Issue (i): Whether an application for cancellation of bail can be entertained before the accused has actually been released on bail under Section 167(2) of the Code of Criminal Procedure, 1973.
Analysis: The proviso to Section 167(2) creates a right to release on bail on default where the charge-sheet is not filed within the prescribed period. Once release is on that footing, Chapter XXXIII applies and cancellation may be sought under Section 437(5) or Section 439(2). The language of Section 439(2), referring to a person who has been released on bail, indicates that actual release is a prerequisite. Resort to Section 482 is unavailable where express statutory provisions govern cancellation. An application to cancel bail before release is therefore premature.
Conclusion: The application for cancellation of bail was premature and was liable to be rejected.

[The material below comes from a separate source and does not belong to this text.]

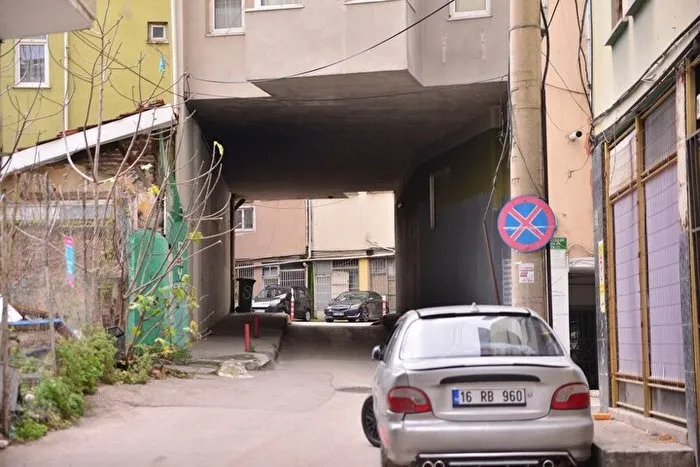 Bu caminin altından sokak ve yol geçiyor! 3 Bu caminin altından sokak ve yol geçiyor!
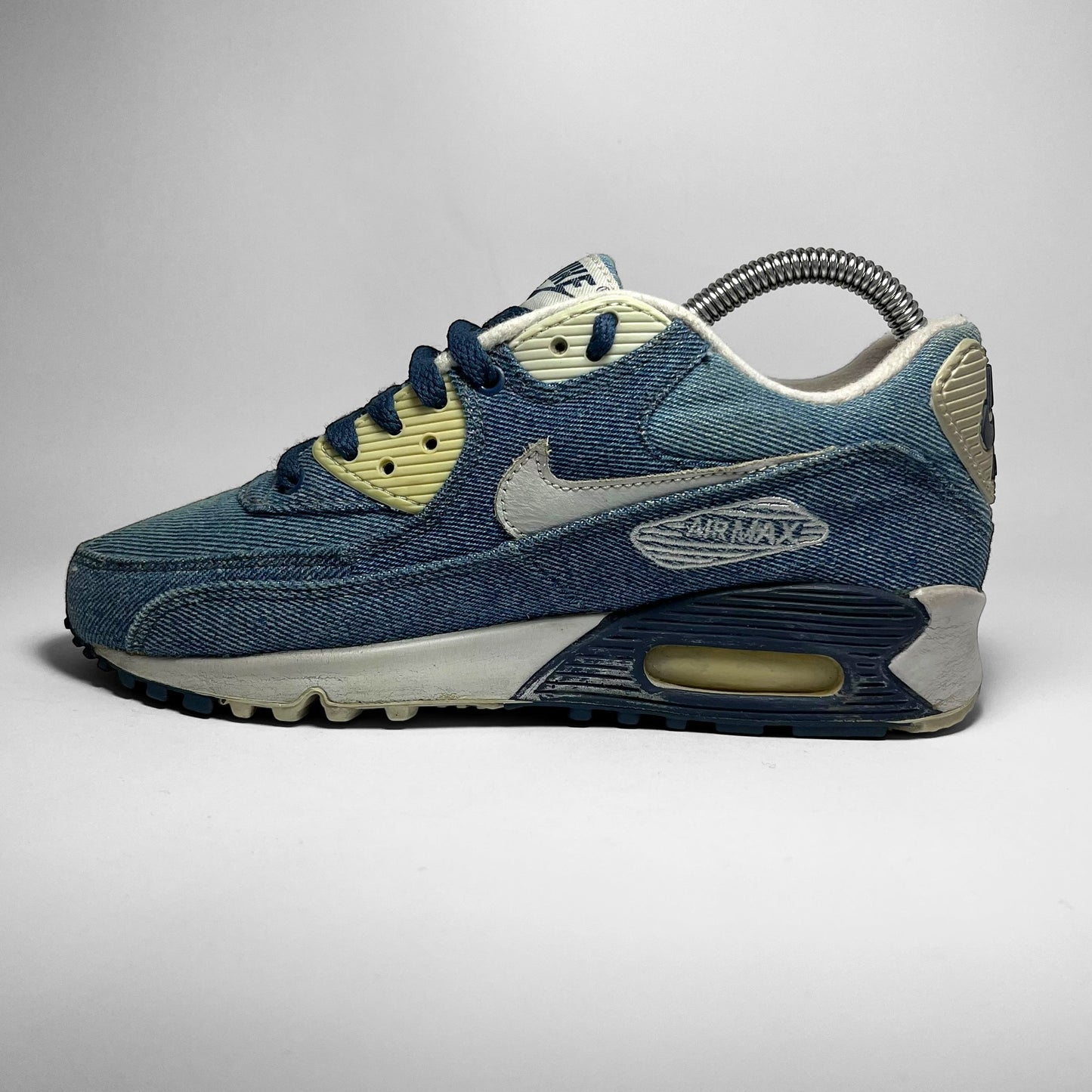 Nike Air Max 90 ‘Denim Courir’ x Colette (2002)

Issue (ii): Whether the accused was entitled to interim bail under Section 167(2) of the Code of Criminal Procedure, 1973 pending decision of the reference on its applicability to offences under the Narcotic Drugs and Psychotropic Substances Act, 1985.
Analysis: The charge-sheet had not been filed within the prescribed period, and the Court proceeded on the settled position that the proviso to Section 167(2) confers an absolute right to bail on default. The Court also noted that the matter on the wider applicability of Section 167(2) to NDPS offences was pending before the Division Bench, and that prolonged custody justified granting interim relief in the meantime.
Conclusion: The accused was entitled to interim bail under Section 167(2).
Final Conclusion: The cancellation request failed as premature, while the accused obtained interim release on default bail pending the Division Bench's decision on the larger question.
Ratio Decidendi: Cancellation of bail under Sections 437(5) and 439(2) of the Code of Criminal Procedure, 1973 presupposes actual release on bail, and a pre-release cancellation application is premature where the statutory default-bail right under Section 167(2) has arisen.